▶ _Collected data_:
****

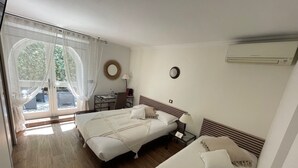 Una habitación de hotel con dos camas, un escritorio, una silla, un ventanal con cortinas y un equipo de aire acondicionado.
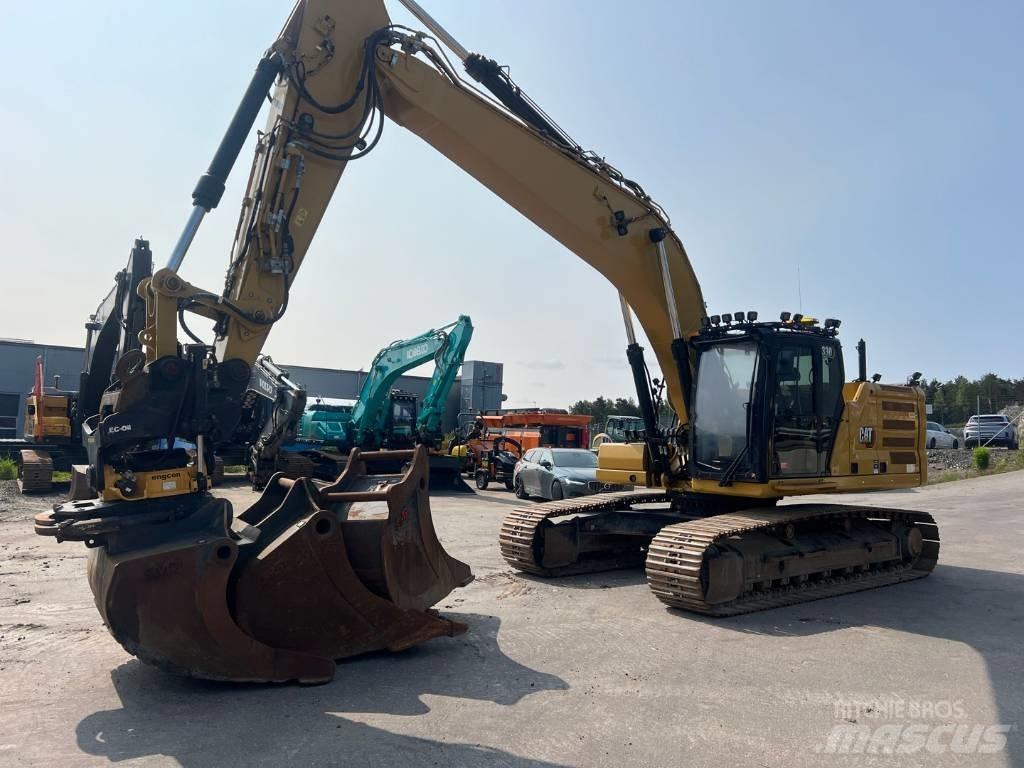 CAT 330 Гусеничні екскаватори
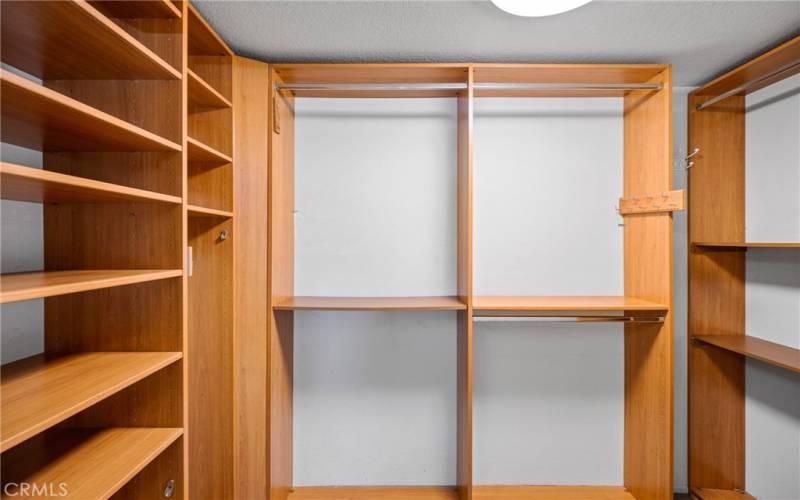 a touch of luxury, with a fully-upgraded primary walk-in closet organization system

****

▶ _Assignment_: Without the pictures, write out the whole listing exactly as it appears.

▶ _Answer for the task_:
 Una habitación de hotel con dos camas, un escritorio, una silla, un ventanal con cortinas y un equipo de aire acondicionado.
 CAT 330 Гусеничні екскаватори
 a touch of luxury, with a fully-upgraded primary walk-in closet organization system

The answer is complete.